IN51C-06
Connecting real-time data to algorithms and databases: EarthCube’s Cloud-Hosted Real-time Data Services for the Geosciences (CHORDS)

Friday, 18 December 2015: 09:13
2020 (Moscone West)
Michael D Daniels1, Sara J Graves2, Branko Kerkez3, V. Chandrasekar4, Frank Vernon5, Charles L Martin6, Manil Maskey2, Ken Keiser2 and Mike James Dye7, (1)National Center for Atmospheric Research, Earth Observing Laboratory, Boulder, CO, United States, (2)University of Alabama in Huntsville, Huntsville, AL, United States, (3)University of Michigan Ann Arbor, Ann Arbor, MI, United States, (4)Colorado State University, 1373 Campus, Fort Collins, CO, United States, (5)University of California San Diego, La Jolla, CA, United States, (6)Natl Ctr Atmospheric Research, Boulder, CO, United States, (7)National Center for Atmospheric Research, Boulder, CO, United States
Abstract:
The Cloud-Hosted Real-time Data Services for the Geosciences (CHORDS) project was funded under the National Science Foundation’s EarthCube initiative. CHORDS addresses the ever-increasing importance of real-time scientific data in the geosciences, particularly in mission critical scenarios, where informed decisions must be made rapidly. Access to constant streams of real-time data also allow many new transient phenomena in space-time to be observed, however, much of these streaming data are either completely inaccessible or only available to proprietary in-house tools or displays. Small research teams do not have the resources to develop tools for the broad dissemination of their unique real-time data and require an easy to use, scalable, cloud-based solution to facilitate this access. CHORDS will make these diverse streams of real-time data available to the broader geosciences community.

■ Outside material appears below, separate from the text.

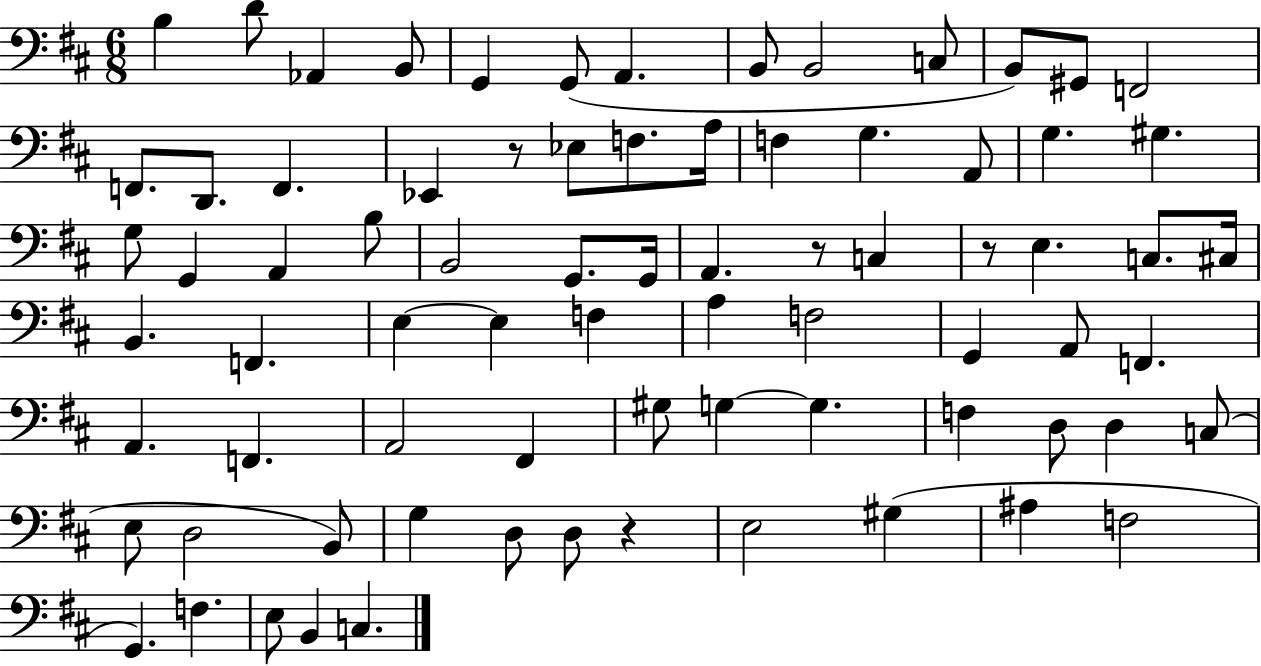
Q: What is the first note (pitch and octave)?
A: B3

This talk will highlight a recently developed CHORDS portal tools and processing systems which address some of the gaps in handling real-time data, particularly in the provisioning of data from the “long-tail” scientific community through a simple interface that is deployed in the cloud, is scalable and is able to be customized by research teams. A running portal, with operational data feeds from across the nation, will be presented. The processing within the CHORDS system will expose these real-time streams via standard services from the Open Geospatial Consortium (OGC) in a way that is simple and transparent to the data provider, while maximizing the usage of these investments. The ingestion of high velocity, high volume and diverse data has allowed the project to explore a NoSQL database implementation. Broad use of the CHORDS framework by geoscientists will help to facilitate adaptive experimentation, model assimilation and real-time hypothesis testing.